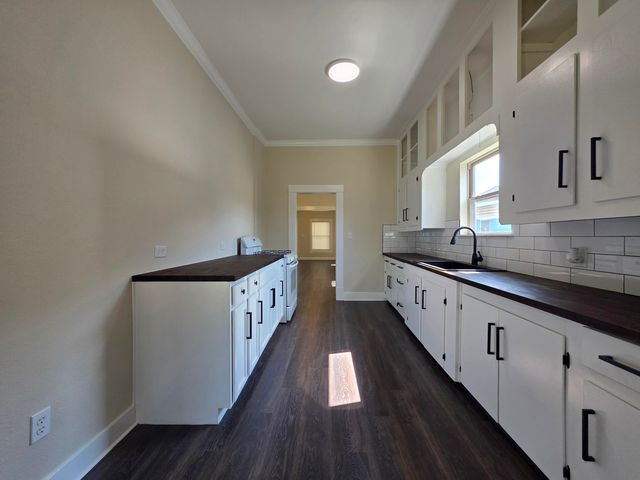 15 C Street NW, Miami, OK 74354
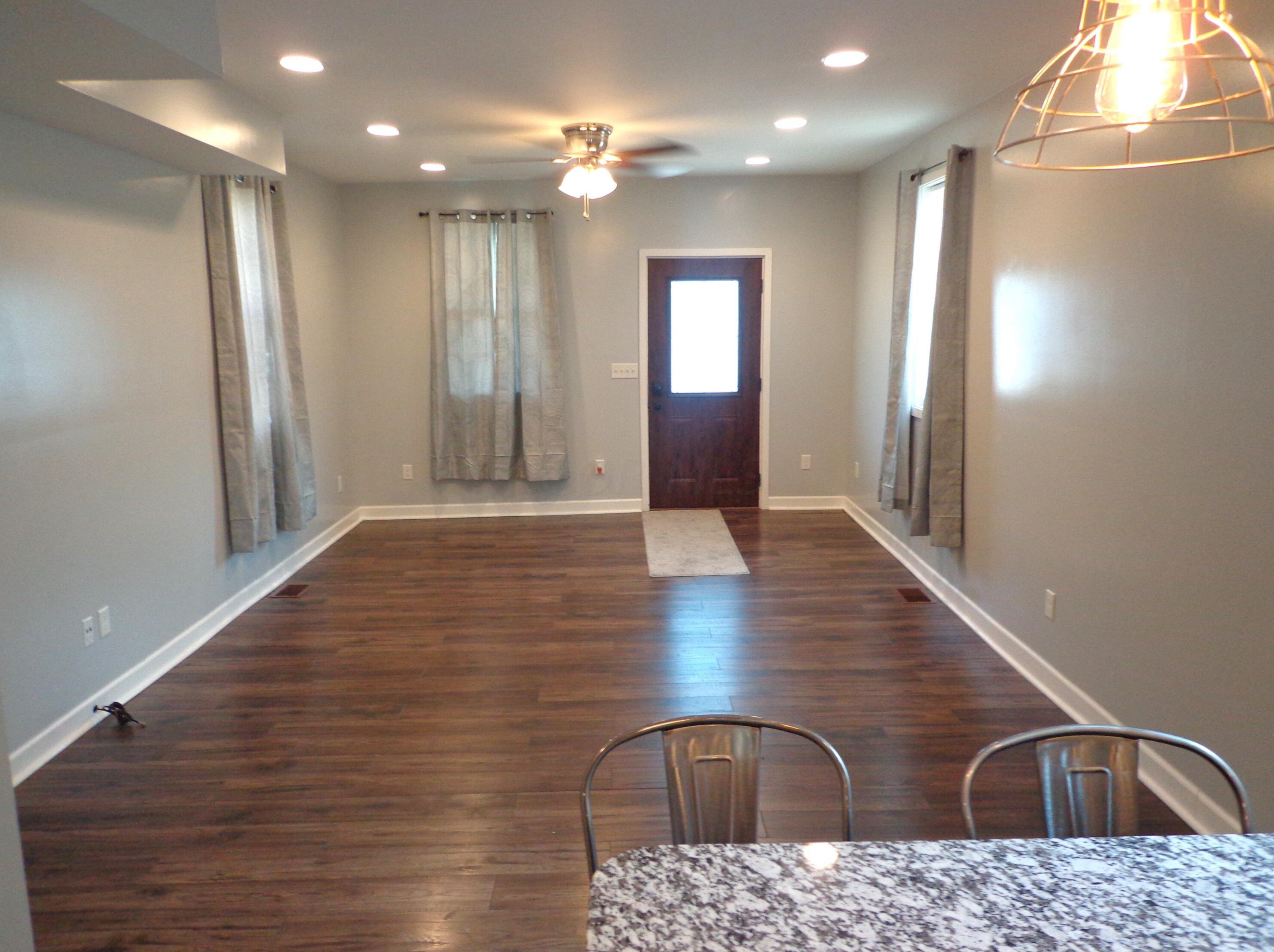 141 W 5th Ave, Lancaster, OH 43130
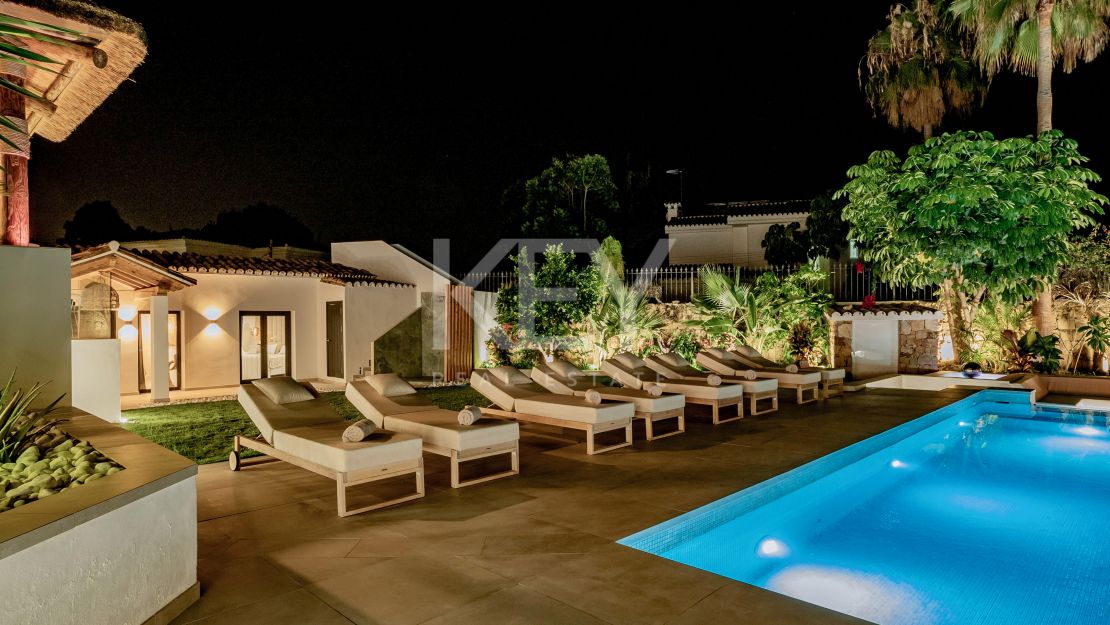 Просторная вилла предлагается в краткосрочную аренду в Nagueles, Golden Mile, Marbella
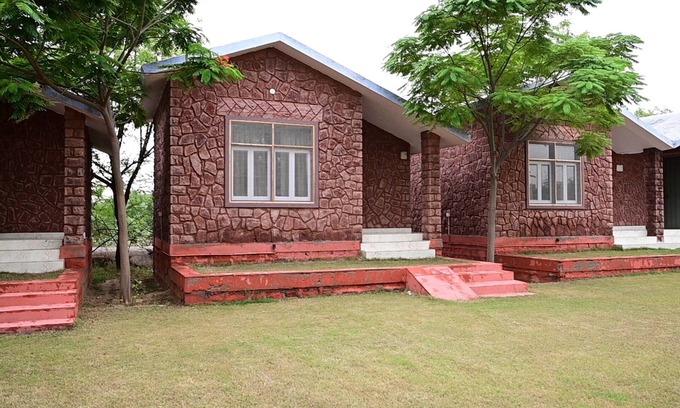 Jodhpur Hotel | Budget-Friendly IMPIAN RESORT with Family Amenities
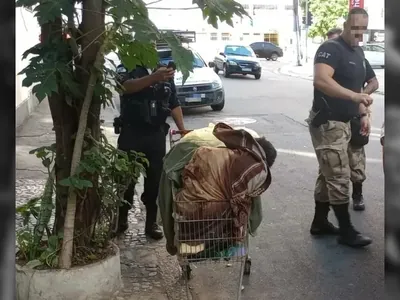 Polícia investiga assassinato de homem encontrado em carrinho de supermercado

•••

* Work request
Your task is to retype the lines running from the one that contains "Jodhpur Hotel |" through the end of the records, and nothing else. Pictures are not part of the copy.

* Answer section
 Jodhpur Hotel | Budget-Friendly IMPIAN RESORT with Family Amenities
 Polícia investiga assassinato de homem encontrado em carrinho de supermercado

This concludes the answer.